Tidak ada yang lebih mulia dari mengutamakan kebahagiaanmu. Mungkin ini terdengar rumit dan utopis untuk diwujudkan. Tapi bagaimanapun itu, aku benar-benar mengagumimu. Mengagumi kesederhanaanmu, sifat penerimamu pada keadaan yang ada, senyummu yang kadang dipaksakan, kejujuranmu akan banyak hal dan kegilaanmu pada berbagai macam makanan. Kamu yang mandiri dan juga tak jarang manja, kamu yang masih saja suka membaca komik, coklat panas, susah bangun pagi dan mengeluh ketika kantuk datang di sela-sela waktu kerjamu yang biadab itu. Hal-hal demikianlah yang menyebabkan aku ingin menaklukkan dunia untukmu. Namun tentu saja kamu tidak setuju, karena bagimu, hidup terlampau mudah justru tidak menyenangkan.

Namun aku lagi-lagi tersadar. Bahwa di luar sana, masih banyak laki-laki yang begitu mencintaimu dengan tulus, jauh lebih baik daripada aku. Seseorang yang terlampau setia yang mengagumimu secara total. Ia yang tak mungkin bisa hidup tanpamu, seseorang yang tak pernah mengeluh dan malas bekerja, ia adalah segala kesempurnaan hidup untukmu. Jika memang sudah demikain, aku tidaklah penting bagimu dan memang tidak pernah. Yang terpenting adalah kamu bahagia. Titik.

Maka ketika hari ini aku memiliki kesempatan menghabiskan waktu bersamamu, melihat senyummu lagi, menonton bioskop berdua dan dengan beringasnya makan balungan kambing kesukaanmu serta diakhiri dengan memilih buku favorit. Hal itu membuatku sadar.
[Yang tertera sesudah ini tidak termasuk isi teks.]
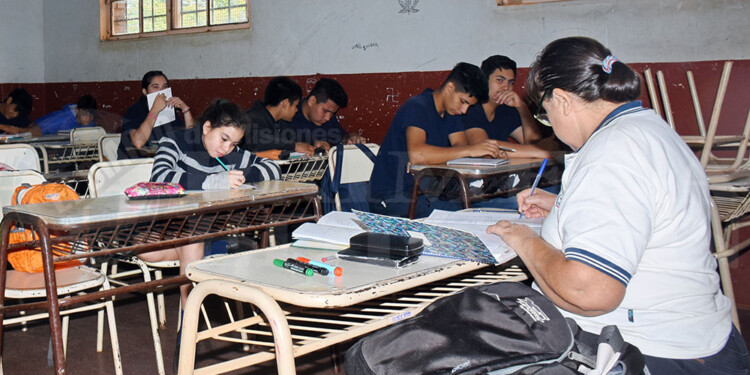 SITUACIÓN CRÍTICA. Docentes no reciben aumento desde octubre y muchos cobran menos desde noviembre.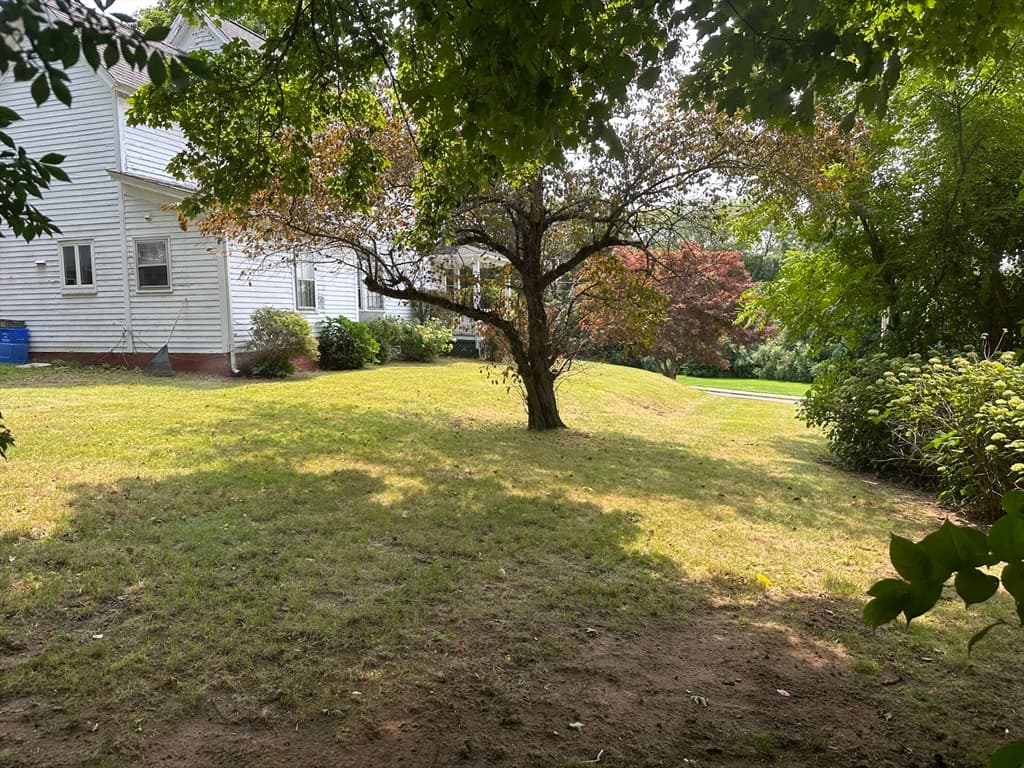 30 School St, East Longmeadow MA 01028 photo 11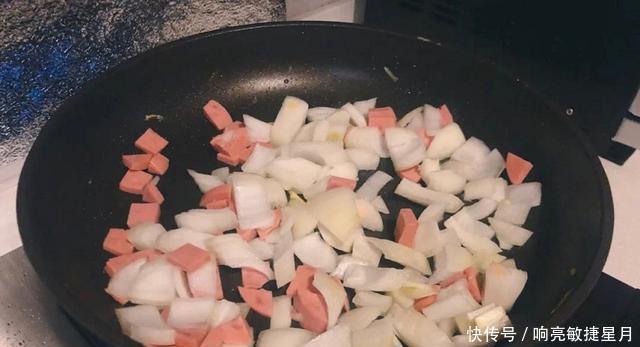 炒蛋|洋葱火腿炒蛋,简单又美味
Bahwa aku mungkin sangat egois untuk memilikimu sendiri. Mungkin juga aku cemburu atau lebih tepatnya takut kehilangan, ditinggalkan dan kemudian dilupakan. Mungkin ketakutan-ketakutan itu tidak pernah sebegitu penting bagimu. Tak pernah.

Atau mungkin aku memang tak pernah secuilpun ada hak bersama kamu. Karena kamu berhak mendapatkan yang berkali-kali lipat lebih baik daripada aku. Tapi terima kasih, terima kasih sudah meluangkan waktu untukku dan terima kasih telah ada. 


pertama kali terbit di http://dubnyuk.blogspot.com/2015/07/surat-untukmu-dari-aku-yang-tak-pandai.html 

Komentar

Postingan populer dari blog ini

Buku, Pesta dan Cinta : mengenang kembali Soe Hok Gie

Syakal dan I'jam

Sejarah Fatayat NU "Cabang Jepara"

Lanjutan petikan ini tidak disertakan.